Sudan peace lures investors to growing oil sector
Mar 14, 2006 (NAIROBI) — Foreign firms seeking a share of Sudan’s multimillion dollar oil industry flocked to a business conference on Tuesday, hoping that peace in the war-ravaged south would unlock huge potential oil wealth.
Sudan’s southern government, in need of billions of dollars to rebuild a region deprived of roads, water and power after what was Africa’s longest running civil war, is trying to attract investors to drill the oil there.
However, some warned of foreign exploitation of an infant administration lacking governance experience.
“What the world is looking for in southern Sudan is its natural resource capacity,” Jonathan Bearman, managing director of consultancy firm Clearwater Research Services Ltd., said.
“There is a danger right now of bounty hunters, fortune hunters jumping on planes trying to sign up mineral rights.”
Under a 2005 deal that ended more than two decades of civil war pitting southern rebels against the Khartoum government, oil revenues are split roughly 50-50 between the north and south.
Although the south has complained it has yet to receive its cut, the World Bank’s lead economist for Sudan, Jeni Klugman, said it was projected to receive up to $1.3 billion in oil money this year.
Up to 500,000 barrels of crude oil is produced every day, mainly from fields in the south with output forecast to rise by 150,000 barrels per day this year.
“We are very encouraged by the government’s efforts to attract investors in this sector,” said Saleem Soobader, an official at the Petroleum Oil and Gas Corporation.
The war restricted appraisal of Sudan’s oil fields but experts estimate there are at least hundreds of millions of barrels of recoverable reserves in the south.
GUARANTEES
The conference also drew other businesses – from banks to airlines to paint manufacturers – hoping to profit from demand for investment in everything from construction to transport..
“We’ve seen a lot of investors in the one year.
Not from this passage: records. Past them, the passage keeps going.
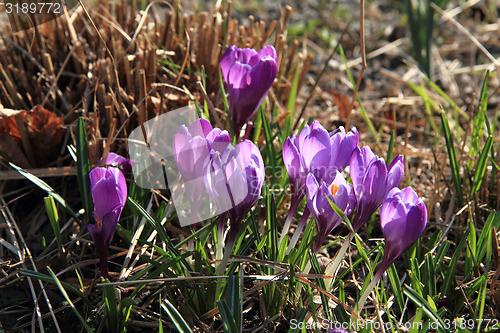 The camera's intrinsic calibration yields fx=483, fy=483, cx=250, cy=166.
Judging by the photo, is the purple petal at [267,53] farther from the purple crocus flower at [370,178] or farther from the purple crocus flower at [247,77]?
the purple crocus flower at [370,178]

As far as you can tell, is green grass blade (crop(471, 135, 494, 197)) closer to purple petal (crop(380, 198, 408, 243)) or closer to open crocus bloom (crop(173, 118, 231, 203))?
purple petal (crop(380, 198, 408, 243))

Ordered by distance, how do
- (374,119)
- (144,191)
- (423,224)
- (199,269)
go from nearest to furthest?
(423,224) < (199,269) < (144,191) < (374,119)

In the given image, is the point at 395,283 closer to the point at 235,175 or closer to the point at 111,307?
the point at 235,175

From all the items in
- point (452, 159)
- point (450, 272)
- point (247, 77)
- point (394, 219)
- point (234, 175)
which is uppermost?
point (247, 77)

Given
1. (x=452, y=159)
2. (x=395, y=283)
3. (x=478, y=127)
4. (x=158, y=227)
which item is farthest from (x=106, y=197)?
(x=478, y=127)

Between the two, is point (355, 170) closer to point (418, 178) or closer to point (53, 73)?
point (418, 178)

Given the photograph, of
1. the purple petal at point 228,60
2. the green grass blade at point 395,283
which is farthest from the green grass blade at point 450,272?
the purple petal at point 228,60

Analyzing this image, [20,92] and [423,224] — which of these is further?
[20,92]

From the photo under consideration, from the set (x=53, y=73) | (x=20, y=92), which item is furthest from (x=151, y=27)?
(x=20, y=92) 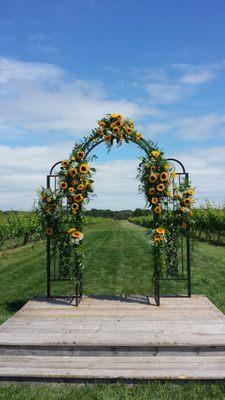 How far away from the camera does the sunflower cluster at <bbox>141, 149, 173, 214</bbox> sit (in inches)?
280

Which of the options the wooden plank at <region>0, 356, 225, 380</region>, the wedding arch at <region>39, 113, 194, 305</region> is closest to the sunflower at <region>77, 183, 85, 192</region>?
the wedding arch at <region>39, 113, 194, 305</region>

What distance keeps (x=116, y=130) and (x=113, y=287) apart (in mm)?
4341

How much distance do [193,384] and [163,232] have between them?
288 centimetres

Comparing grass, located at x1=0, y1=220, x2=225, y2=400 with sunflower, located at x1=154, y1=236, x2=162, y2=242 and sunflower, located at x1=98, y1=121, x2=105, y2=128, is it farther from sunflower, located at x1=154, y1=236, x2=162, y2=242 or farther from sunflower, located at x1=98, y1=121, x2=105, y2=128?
sunflower, located at x1=98, y1=121, x2=105, y2=128

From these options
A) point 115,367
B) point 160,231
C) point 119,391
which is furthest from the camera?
point 160,231

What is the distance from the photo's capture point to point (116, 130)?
738 cm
We’ve been opening up letters of credit, mainly for emergency infrastructure projects,” Victoria Otieno, a senior official with South Africa-based Stanbic Bank, said.
“What is very important is that the peace will hold.”
Last year, donors pledged $4.5 billion for Sudan between 2005-7 following the peace deal, which did not cover a separate conflict in Darfur.
Of that amount, $1.7 billion was earmarked for development projects in the south, a region destroyed by cycles of conflict since independence in 1956.
The southern government, led by former guerrillas, acknowledged it had a lot to prove to investors wary of financial risk and sporadic bursts of insecurity in the region, half the size of Western Europe.
“A region that has just come out of war cannot immediately inspire confidence from investors,” John Luk Jok, the south’s minister for youth, culture and sports, told reporters.
“We have to answer the questions the investors will be raising.”